----- Records for the exercise

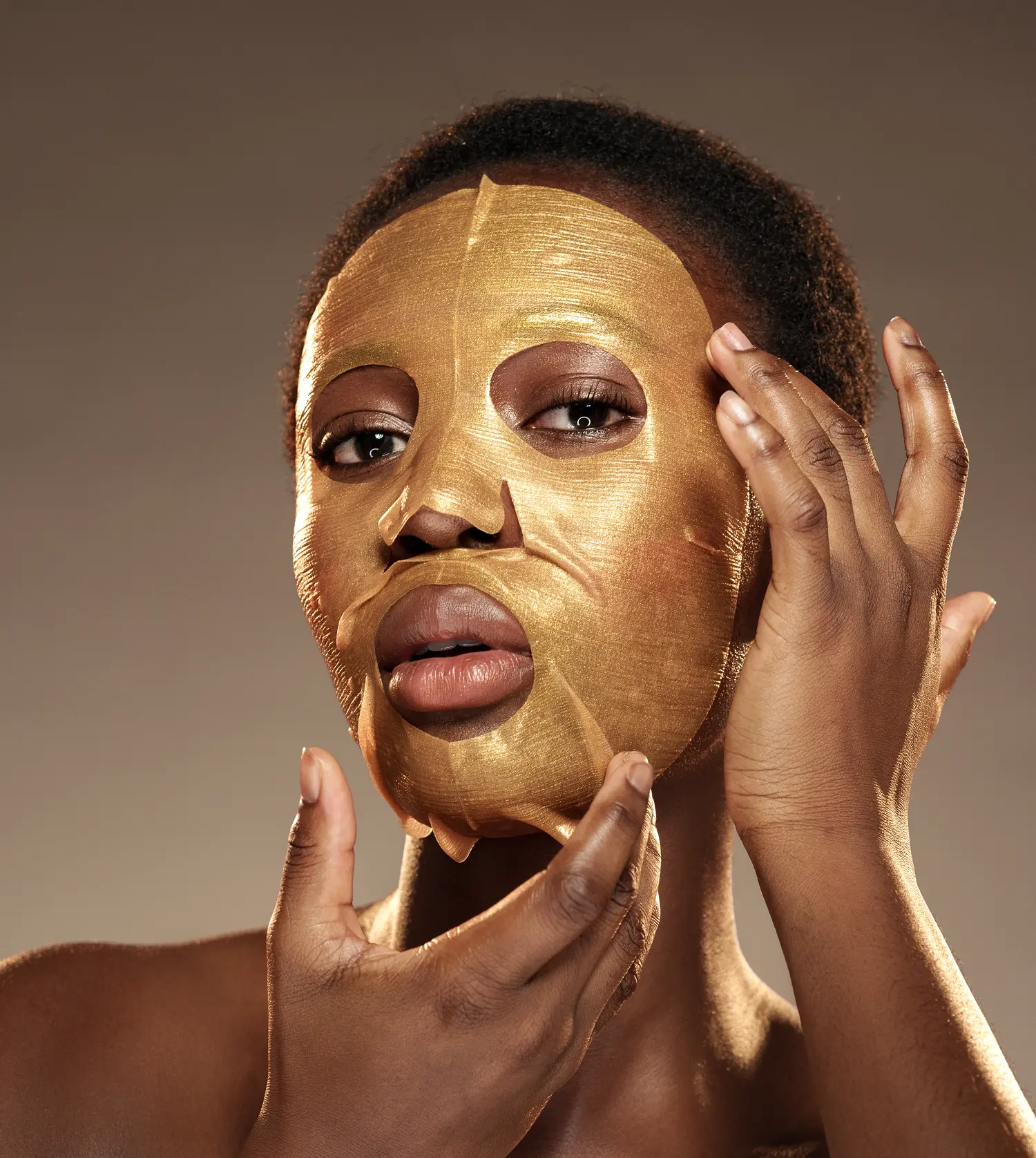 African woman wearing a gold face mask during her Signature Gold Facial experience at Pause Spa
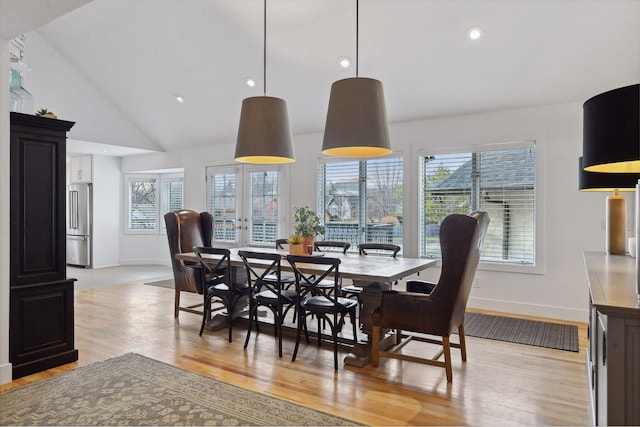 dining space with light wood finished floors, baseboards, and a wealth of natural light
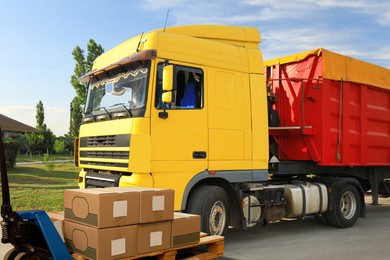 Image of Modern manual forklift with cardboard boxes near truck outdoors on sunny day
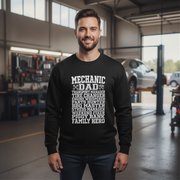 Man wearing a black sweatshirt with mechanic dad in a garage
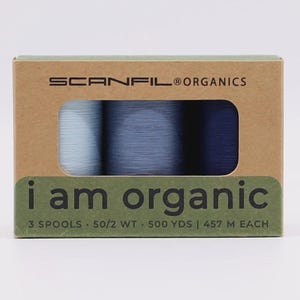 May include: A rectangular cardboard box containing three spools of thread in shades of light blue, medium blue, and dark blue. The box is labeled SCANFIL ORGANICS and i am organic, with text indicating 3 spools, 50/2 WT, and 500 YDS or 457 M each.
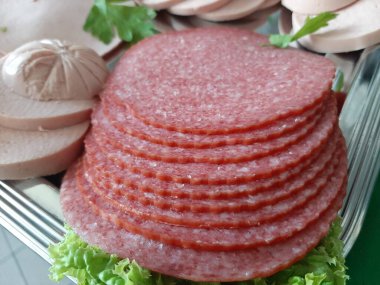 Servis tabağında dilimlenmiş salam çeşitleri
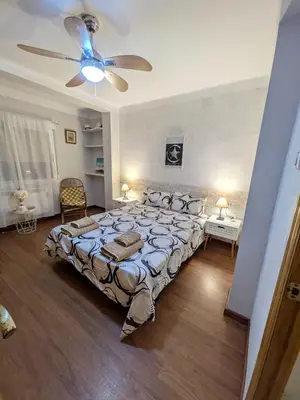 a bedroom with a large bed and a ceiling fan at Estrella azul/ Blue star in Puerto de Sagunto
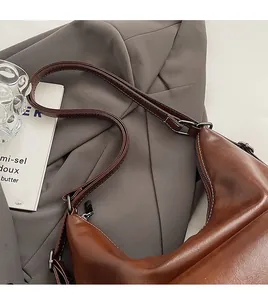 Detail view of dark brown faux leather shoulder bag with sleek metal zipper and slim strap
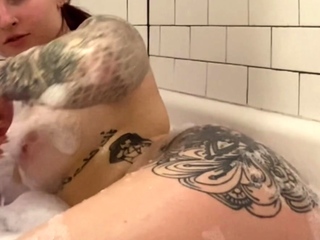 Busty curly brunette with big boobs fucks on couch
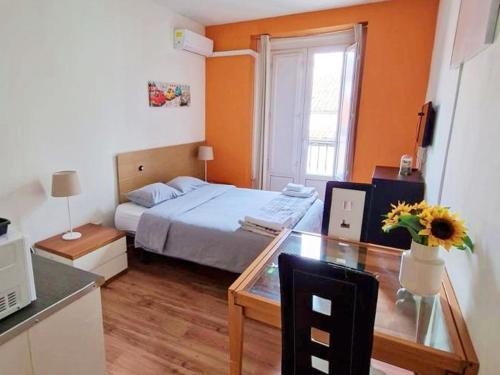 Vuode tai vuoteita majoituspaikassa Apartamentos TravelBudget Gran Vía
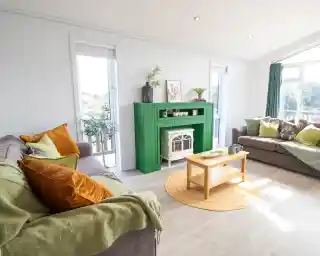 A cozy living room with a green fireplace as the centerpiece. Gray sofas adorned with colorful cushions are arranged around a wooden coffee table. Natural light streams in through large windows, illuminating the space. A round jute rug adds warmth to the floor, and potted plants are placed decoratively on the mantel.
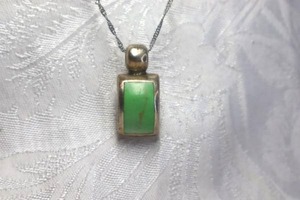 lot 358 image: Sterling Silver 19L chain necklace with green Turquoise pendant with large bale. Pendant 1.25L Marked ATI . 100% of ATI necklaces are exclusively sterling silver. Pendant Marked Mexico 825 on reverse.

----------

**Exercise goal**
Leave out any pictures, please, and quote only the lines from the top of the data through the line that contains "Man wearing a black".

**Your solution**
 African woman wearing a gold face mask during her Signature Gold Facial experience at Pause Spa
 dining space with light wood finished floors, baseboards, and a wealth of natural light
 Image of Modern manual forklift with cardboard boxes near truck outdoors on sunny day
 Man wearing a black sweatshirt with mechanic dad in a garage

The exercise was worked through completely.